Cost Component 1,000 Devices 10,000 Devices 100,000 Devices
Managed broker (AWS IoT Core) ~$0.87/device/month ~$0.87/device/month ~$0.87/device/month
Self-hosted broker (EMQX on k8s, 3× m5.xlarge) ~$1.80/device/month ~$0.18/device/month ~$0.06/device/month
Time-series storage (TimescaleDB on managed Postgres) ~$0.15/device/month ~$0.12/device/month ~$0.10/device/month
Data transfer egress (to dashboards/API) ~$0.05/device/month ~$0.04/device/month ~$0.03/device/month
Ingestion compute (Kafka + workers) ~$0.50/device/month ~$0.08/device/month ~$0.03/device/month
Total (managed broker) ~$1.57/device/month ~$1.11/device/month ~$1.03/device/month
Total (self-hosted broker) ~$2.50/device/month ~$0.42/device/month ~$0.22/device/month

Self-hosted broker becomes cheaper than managed around 5,000–10,000 devices for the broker component. For storage, self-hosted TimescaleDB on reserved instances becomes cheaper than managed Postgres around 2,000–5,000 devices.

24.2 AWS IoT Core vs Self-Hosted EMQX — TCO at 10,000 Devices

Detailed calculation at 10,000 devices, 10 messages/device/minute:

Monthly message volume: 10,000 devices × 10 messages/min × 60 min/hr × 24 hr/day × 30 days = 432,000,000 messages/month

AWS IoT Core pricing (us-east-1, 2025): - Messaging: 432M × $0.08/1M = $34.56/month - Connection: $0.0012/device-hour × 10,000 devices × 720 hours = $8,640/month - Rules engine (if used): additional per-rule-execution cost - Total AWS IoT Core: ~$8,674/month (~$0.87/device/month)

Connection pricing dominates at large device count. AWS IoT Core connection cost alone exceeds the total self-hosted cost at this scale.

Self-hosted EMQX (3× m5.xlarge, us-east-1): - EC2 (3× m5.xlarge reserved 1yr): ~$400/month - EBS storage: ~$60/month - Load balancer: ~$50/month - Operations overhead (estimate 0.1 FTE at $150k/year): ~$1,250/month - Total self-hosted EMQX: ~$1,760/month (~$0.18/device/month)

At 10,000 devices, self-hosted EMQX costs approximately 5× less than AWS IoT Core. The crossover point (where managed cost = self-hosted cost including operations overhead) is approximately 1,500–2,000 devices — below this, managed services are cheaper when operational burden is accounted for.
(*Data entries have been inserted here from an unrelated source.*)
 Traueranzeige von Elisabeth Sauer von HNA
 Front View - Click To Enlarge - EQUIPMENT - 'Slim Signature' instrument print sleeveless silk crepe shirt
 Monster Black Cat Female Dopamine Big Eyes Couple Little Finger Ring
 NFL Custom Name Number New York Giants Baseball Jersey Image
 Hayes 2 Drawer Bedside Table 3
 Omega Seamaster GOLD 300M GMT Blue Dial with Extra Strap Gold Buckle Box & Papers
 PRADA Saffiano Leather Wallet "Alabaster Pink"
24.3 Storage Cost Optimisation

Data Tier Volume (10,000 devices) Storage Cost Retention
Raw 1s telemetry (hot, TimescaleDB) ~50 GB/day → 350 GB/week ~$35/month (managed Postgres) 7 days
Raw telemetry (cold, Parquet on S3 Standard) ~50 GB/day → 1.5 TB/month ~$34.50/month 12 months
Raw telemetry (archive, S3 Glacier) Historical accumulation ~$4/TB/month 7 years (compliance)
1-min aggregates (TimescaleDB, 90 days) ~3.4 GB/day → 306 GB/90d ~$7.20/month 90 days
1-hr aggregates (TimescaleDB, permanent) ~140 MB/day → 50 GB/year ~$1.20/month/year Permanent

Recommended tiering strategy: 1. Raw data: 7 days on hot TimescaleDB storage (dashboards query this for recent views) 2. Raw data: export to Parquet on S3 Standard as chunks close (queryable with Athena) 3. Raw data: transition to S3 Glacier after 90 days (compliance archive) 4. 1-minute aggregates: retain 90 days in TimescaleDB (the primary dashboard query target) 5. 1-hour aggregates: retain permanently (negligible cost; essential for long-term trend analysis)

Applying this tiering, the blended storage cost for 10,000 devices is approximately $80–120/month rather than $3,500+/month if all raw data were kept in TimescaleDB permanently.
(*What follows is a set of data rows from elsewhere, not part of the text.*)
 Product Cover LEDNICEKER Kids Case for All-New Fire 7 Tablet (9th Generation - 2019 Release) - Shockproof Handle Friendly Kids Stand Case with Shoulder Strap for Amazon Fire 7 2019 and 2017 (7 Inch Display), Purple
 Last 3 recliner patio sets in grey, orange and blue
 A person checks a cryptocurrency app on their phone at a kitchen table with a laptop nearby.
24.4 FinOps Practices for IoT

Resource tagging: Tag every cloud resource with: tenant_id (for multi-tenant), site, device_type, and environment (prod/staging/dev). This enables cost allocation reports by customer, by site, and by device type — essential for chargeback models and for identifying cost outliers.

Per-service budget alerts: Set separate budget alerts for each major service component (Kafka cluster, TimescaleDB, broker, egress) rather than a single total budget. A Kafka cost spike means a consumer is lagging and replaying messages; a storage spike means a device is sending faster than expected. Aggregate budget alerts mask root causes.
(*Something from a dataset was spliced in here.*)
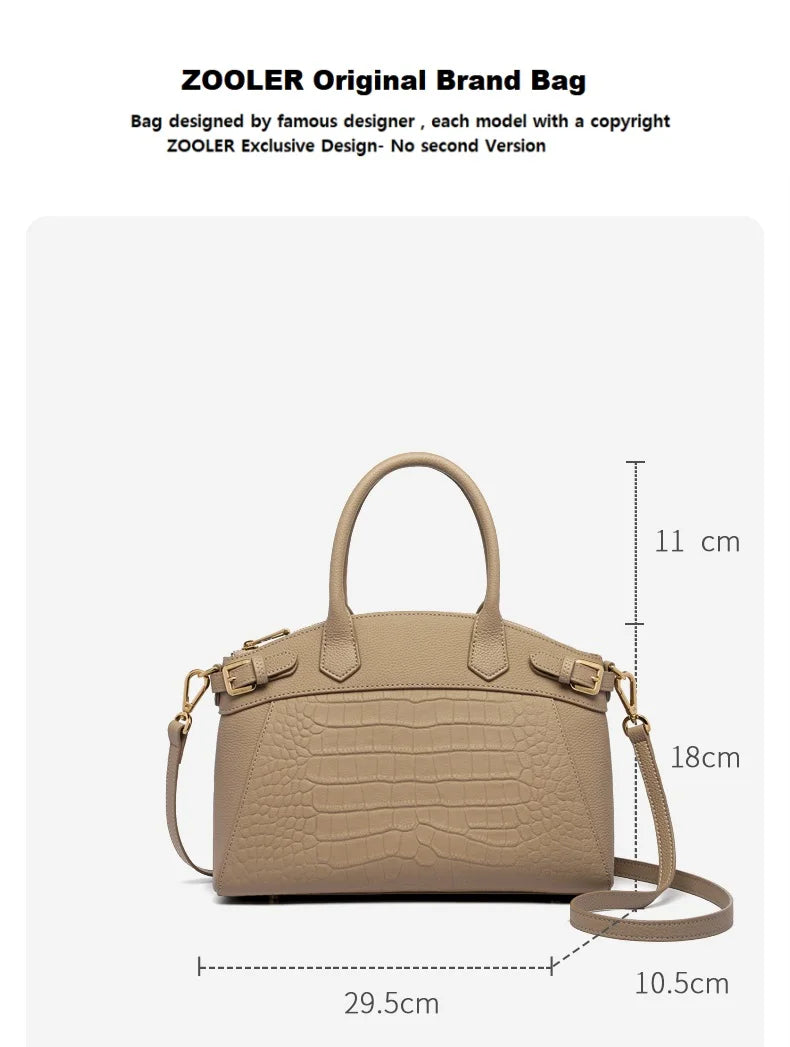 ZOOLER Genuine Cow Leather Flap Tote Bag – Luxury Lock Shoulder Crossbody Handbag for Women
Cost per device KPI: Track total_cloud_cost / active_device_count monthly. Alert if it rises more than 20% month-over-month without a corresponding increase in device count. Unexpected cost increases are almost always caused by: a device stuck in a fast-publish loop, a consumer replaying a large Kafka partition, or a new device type with a much higher message rate than the fleet average.

Message loop detection: A device republishing its own messages is a common firmware bug that can generate millions of messages within hours. Set a broker-side rate limit per client_id: maximum 1,000 messages/minute is generous for any industrial sensor — anything above this is either a bug or a security incident. Log and alert when the rate limit is hit; do not silently drop — the device team needs to know.